■ **Exercise description**: The required output is an exact copy of the lines from the one containing "Excavation for plumbing" through the end of the entries below, with pictures removed.

[Short text fragments from websites]
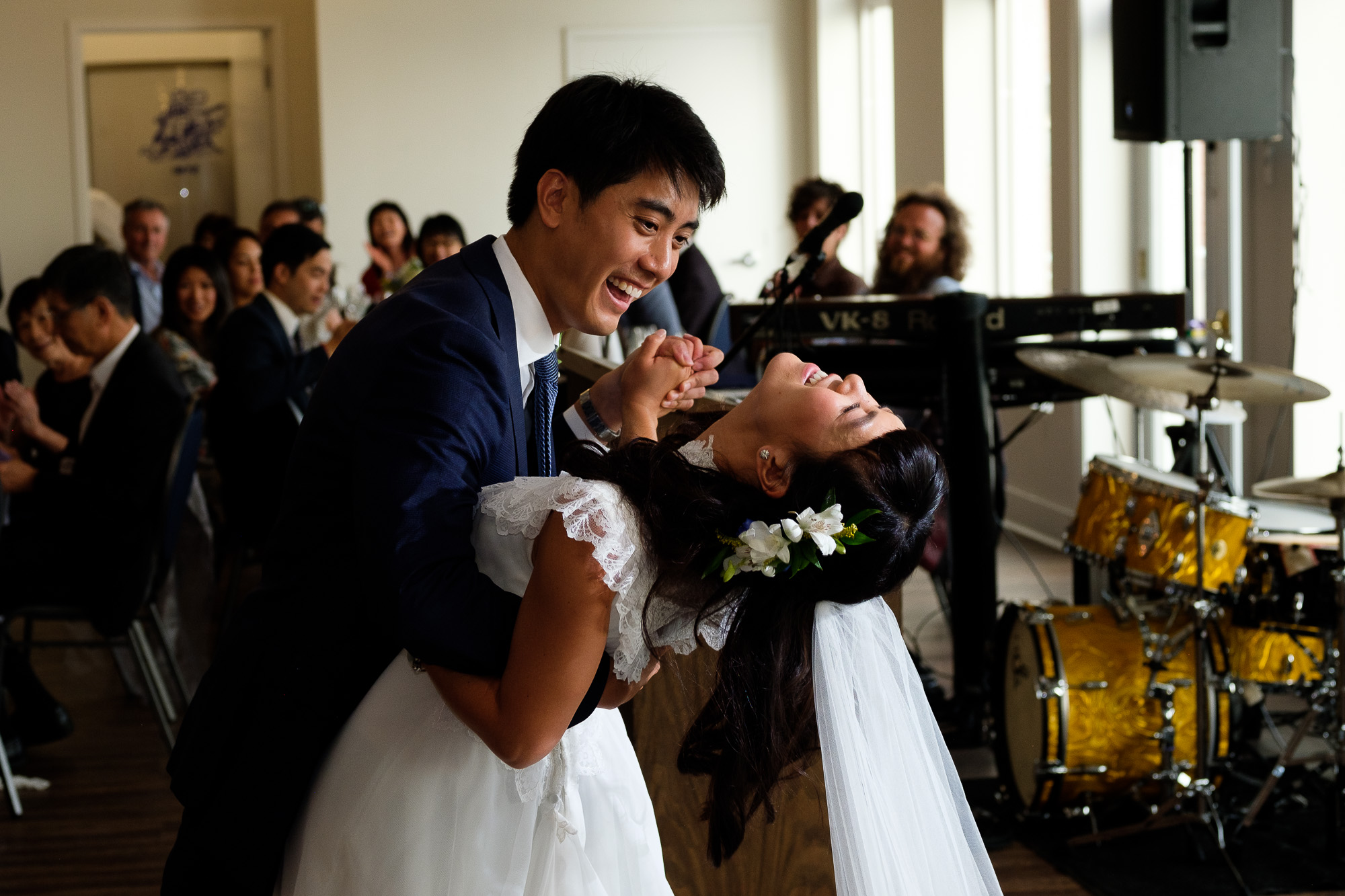 Huong + Aaron enjoy their first dance at their wedding reception at the Toronto Argonaut Rowing Club.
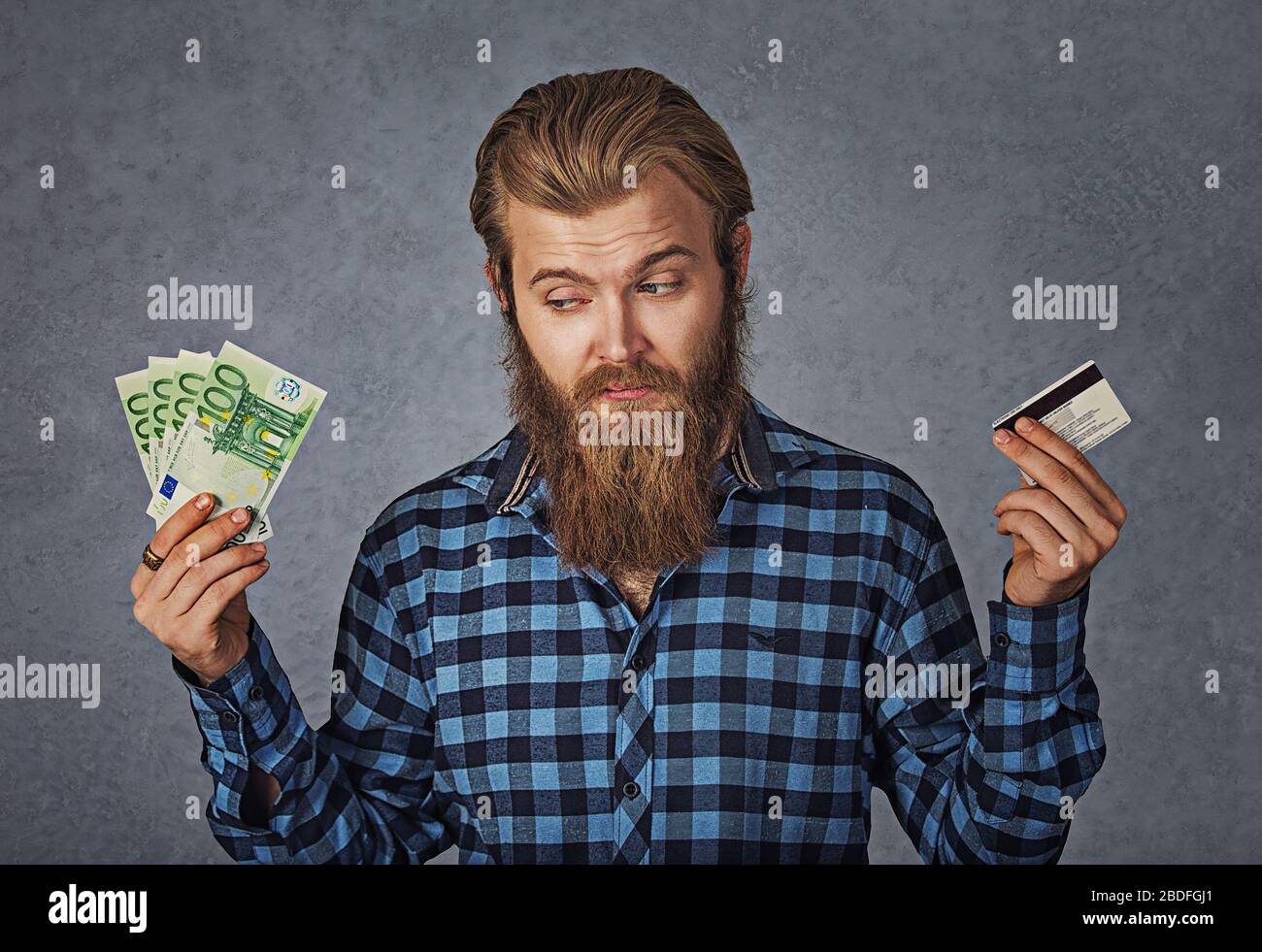 Businessman choosing holding showing plastic credit card or money cash euro banknotes bills, grey background Stock Photo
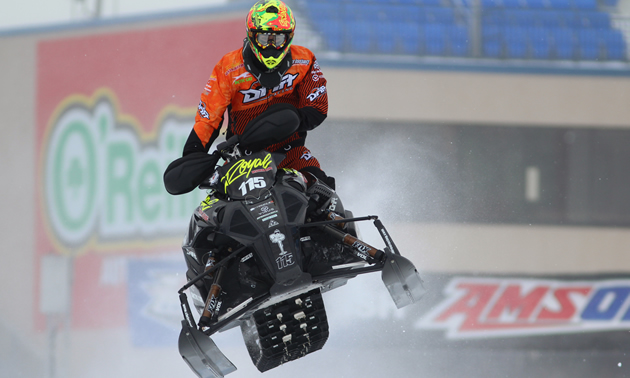 David Joanis snocross racer flies through the air in a race. 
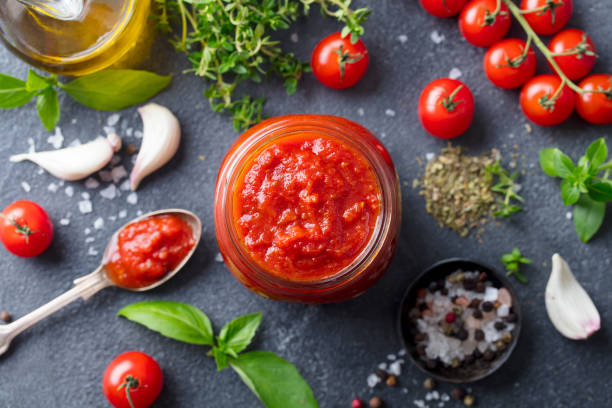 tomato sauce in a glass jar with fresh herbs, tomatoes and olive oil. top view. slate background. - restaurant pasta italian culture dinner imagens e fotografias de stock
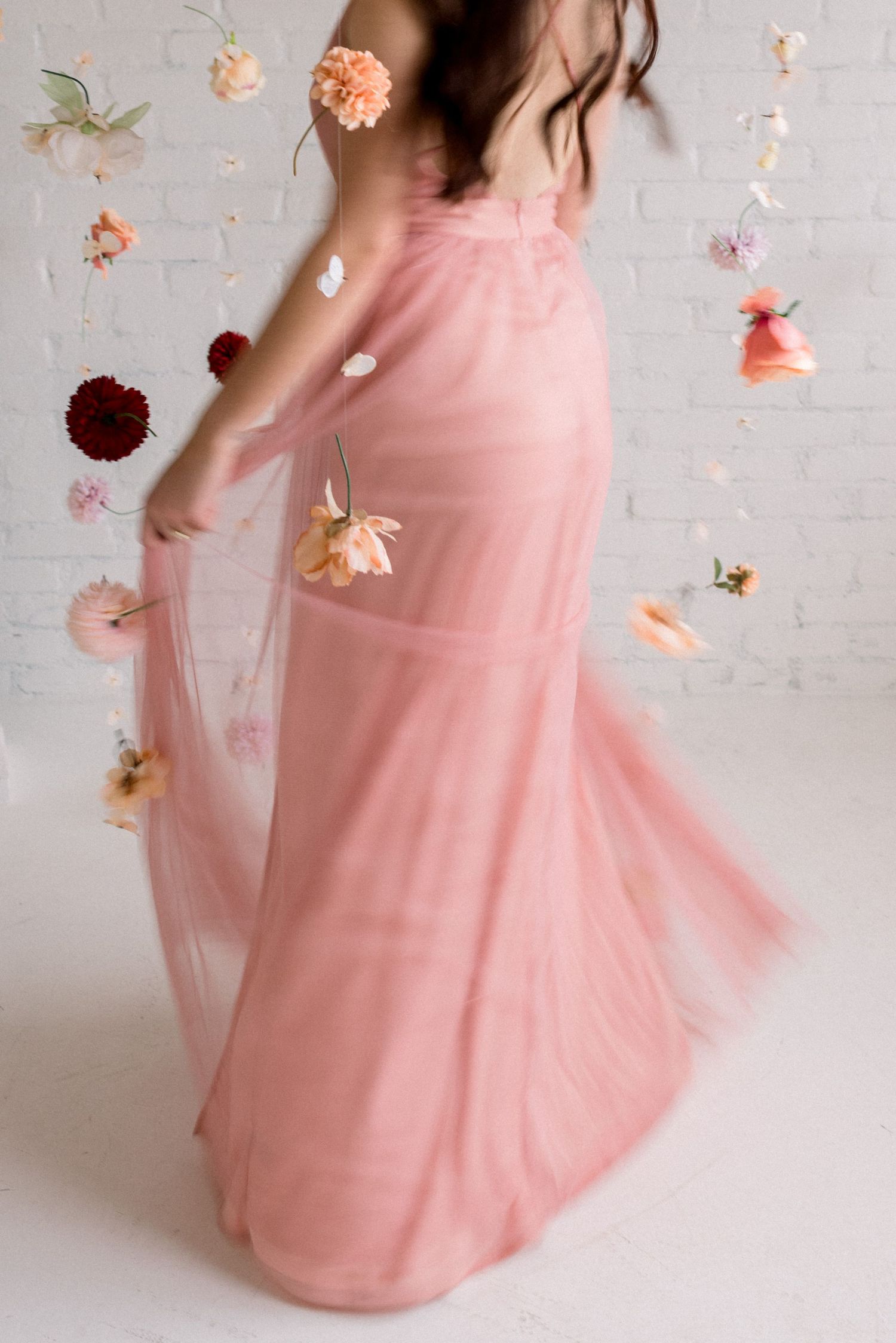 Twirling motion shot of pink dress with scattered flowers against white wall.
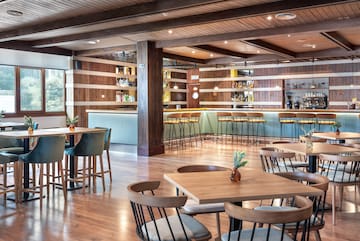 a room with tables and chairs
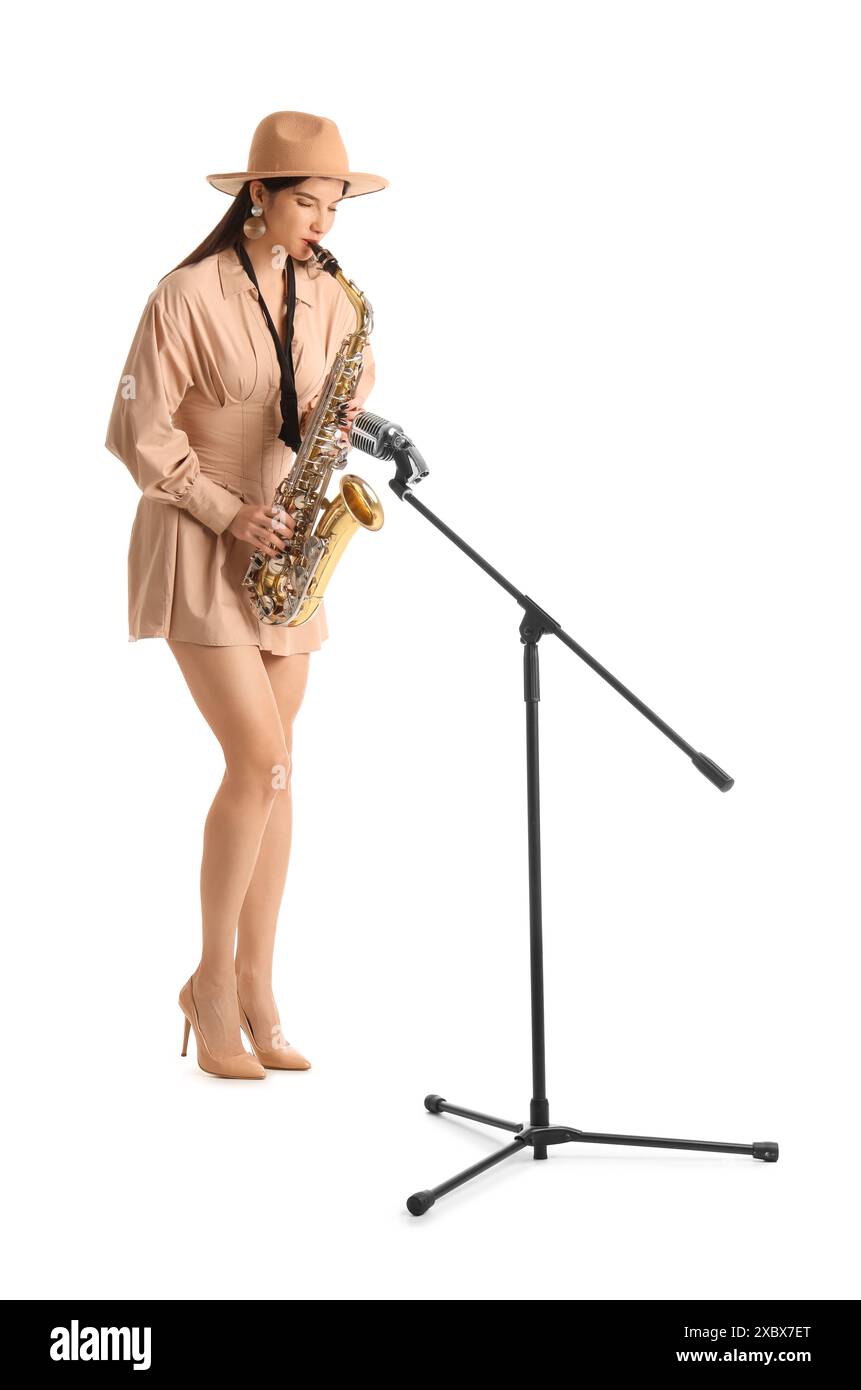 Belle femme avec microphone jouant du saxophone sur fond blanc Banque D'Images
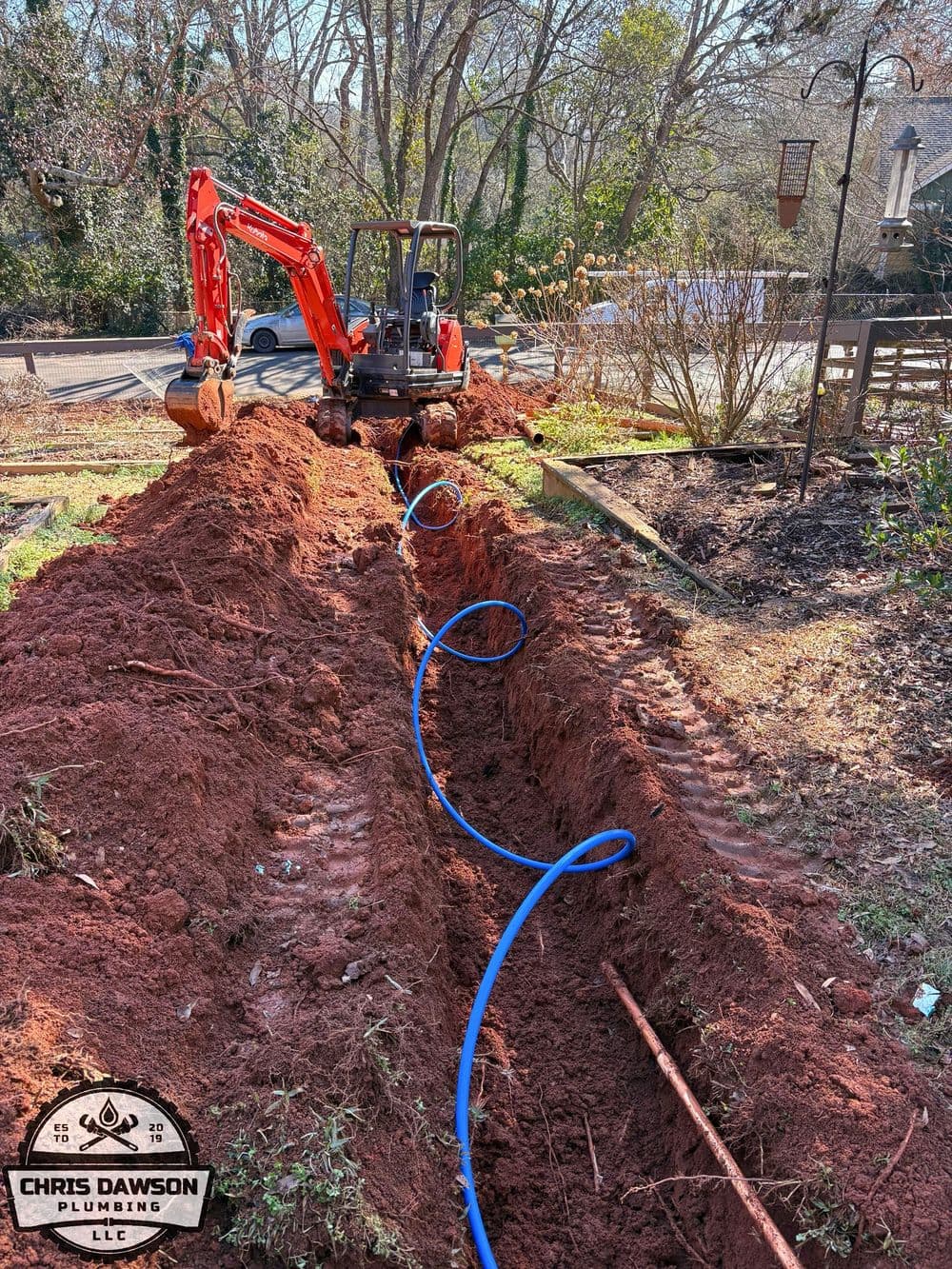 Excavation for plumbing with a backhoe in a residential yard, orange dirt, and blue pipe.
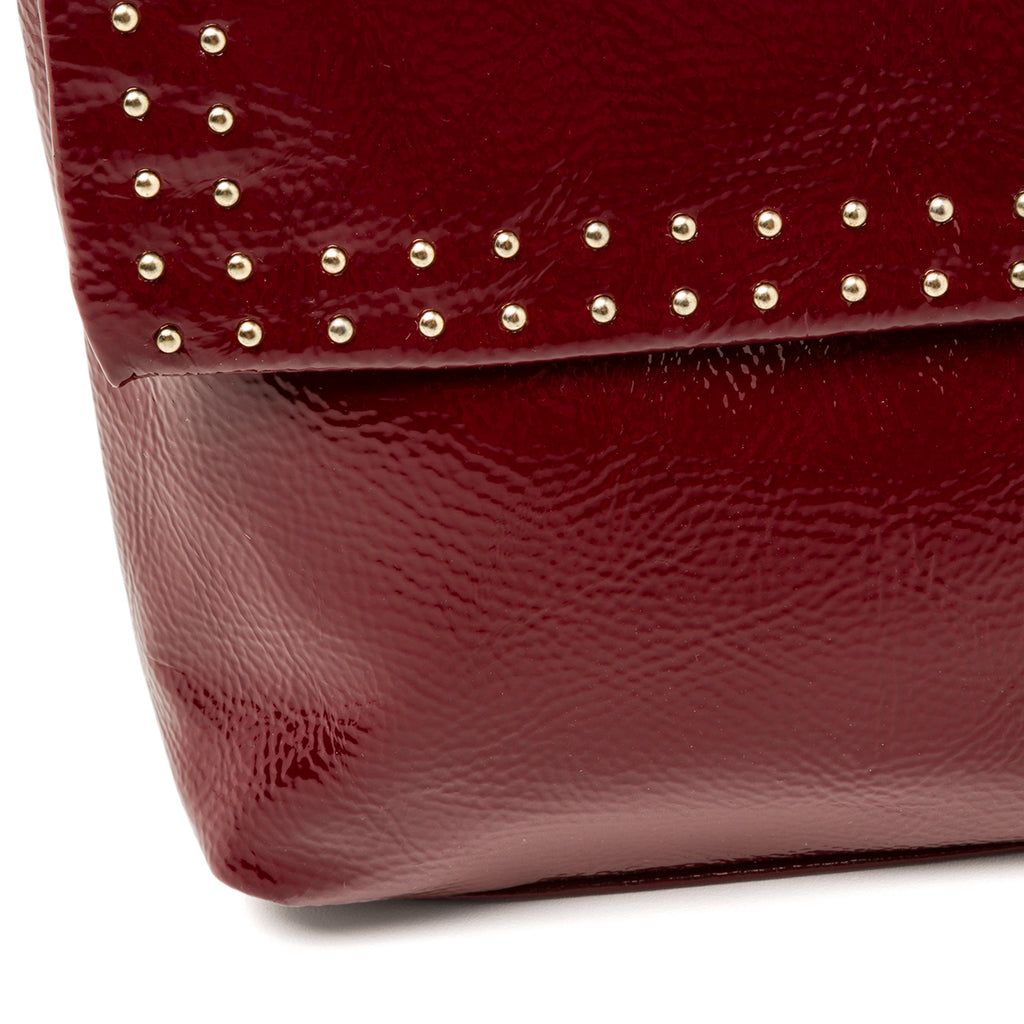 Borsa a tracolla bordeaux effetto lucido da donna con borchiette Lora Ferres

■ **Task response**:
 Excavation for plumbing with a backhoe in a residential yard, orange dirt, and blue pipe.
 Borsa a tracolla bordeaux effetto lucido da donna con borchiette Lora Ferres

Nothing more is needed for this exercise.